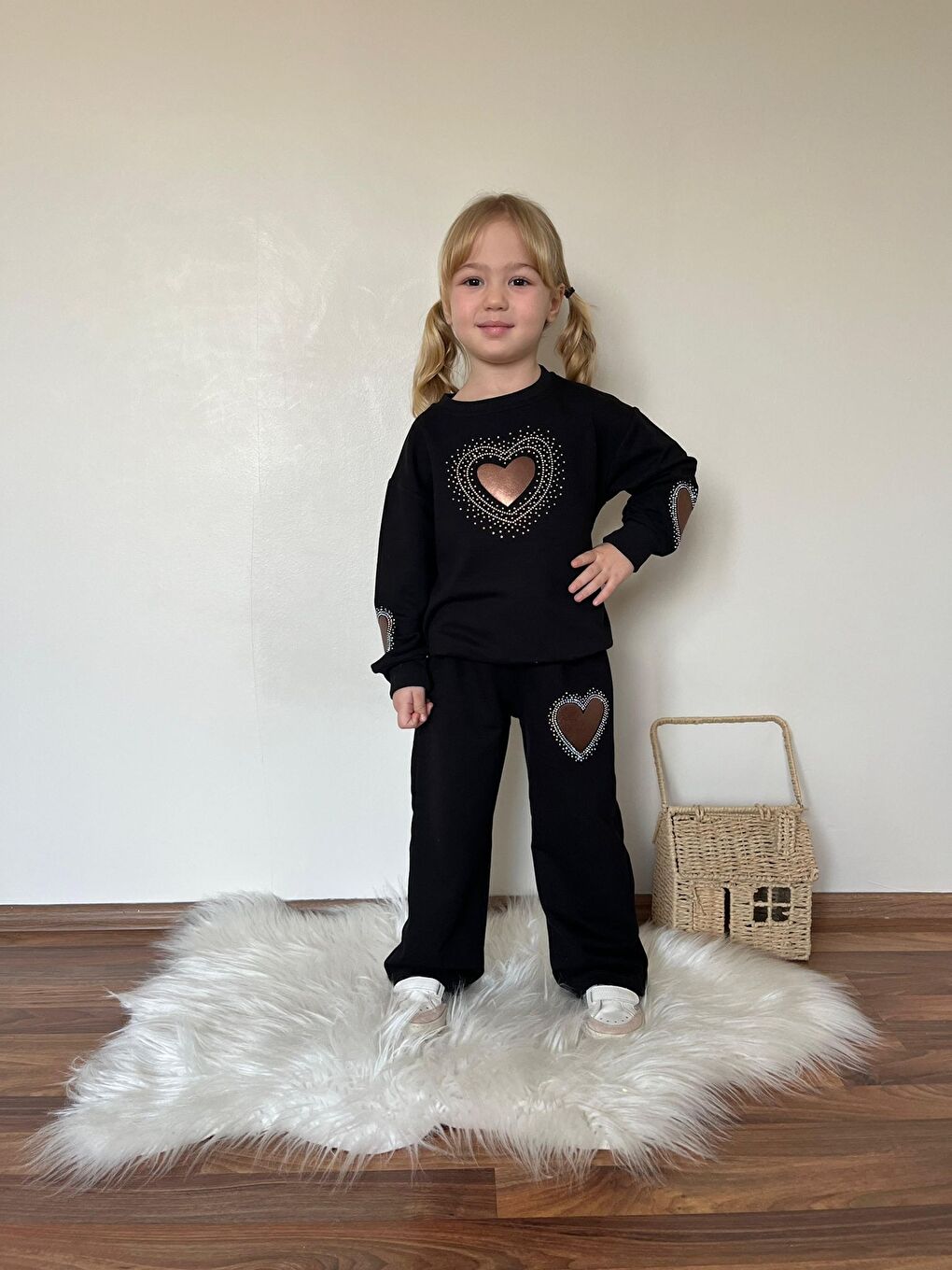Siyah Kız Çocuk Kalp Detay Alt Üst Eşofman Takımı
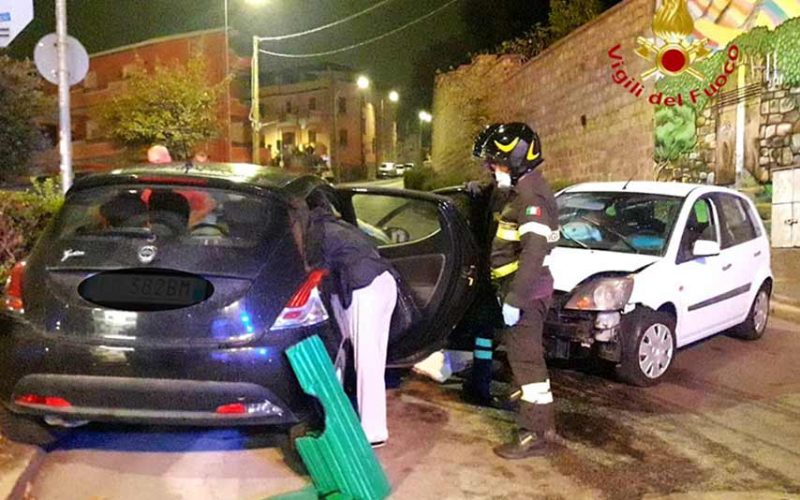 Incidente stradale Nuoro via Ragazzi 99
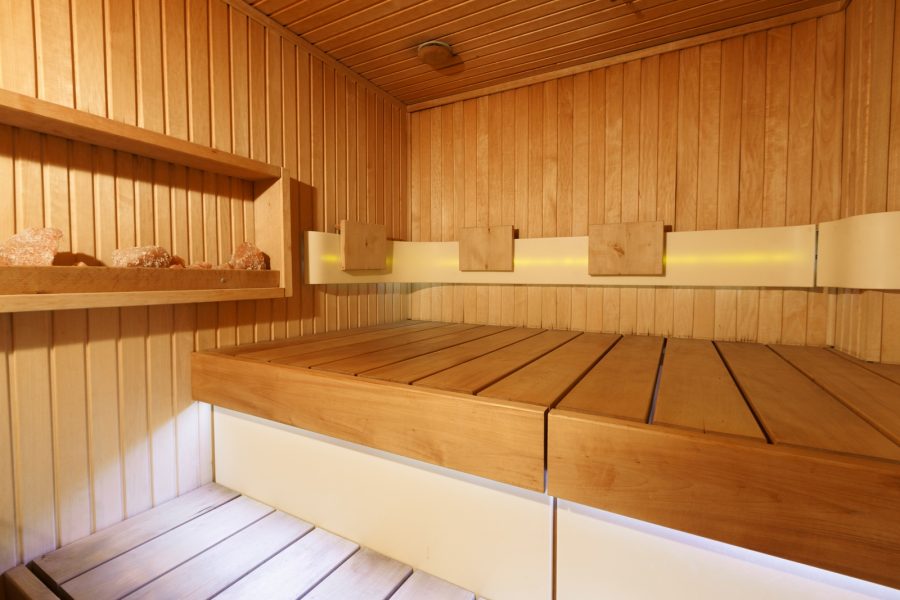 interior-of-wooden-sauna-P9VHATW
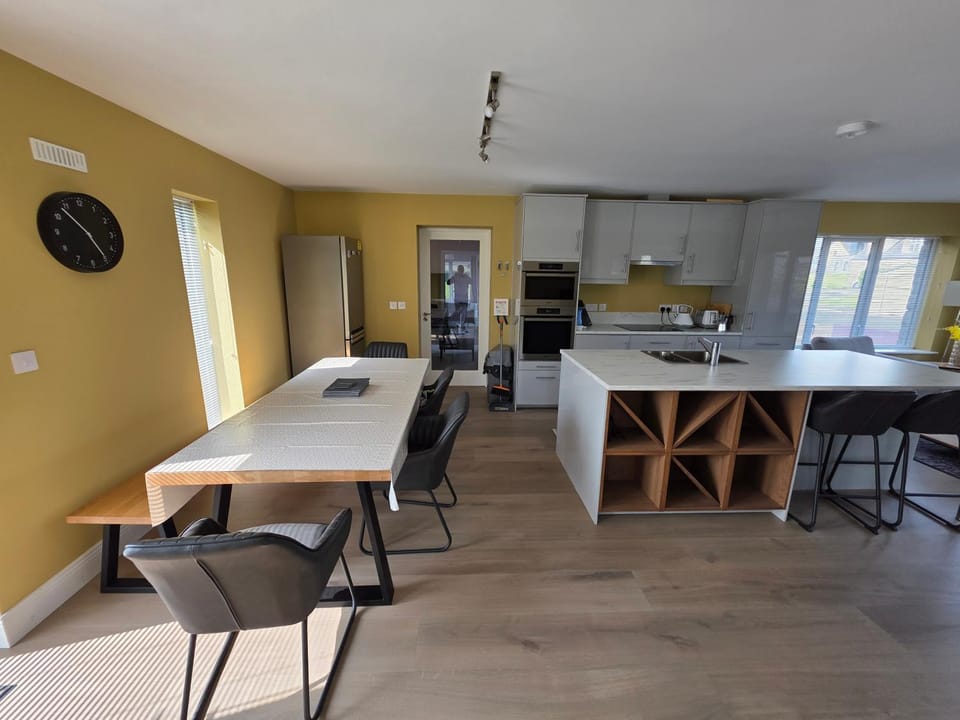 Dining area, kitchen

▸ **REQUIRED ACTION**
Without including any picture, copy the listing above exactly and in full.

▸ **ANSWER AREA**
Siyah Kız Çocuk Kalp Detay Alt Üst Eşofman Takımı
 Incidente stradale Nuoro via Ragazzi 99
 interior-of-wooden-sauna-P9VHATW
 Dining area, kitchen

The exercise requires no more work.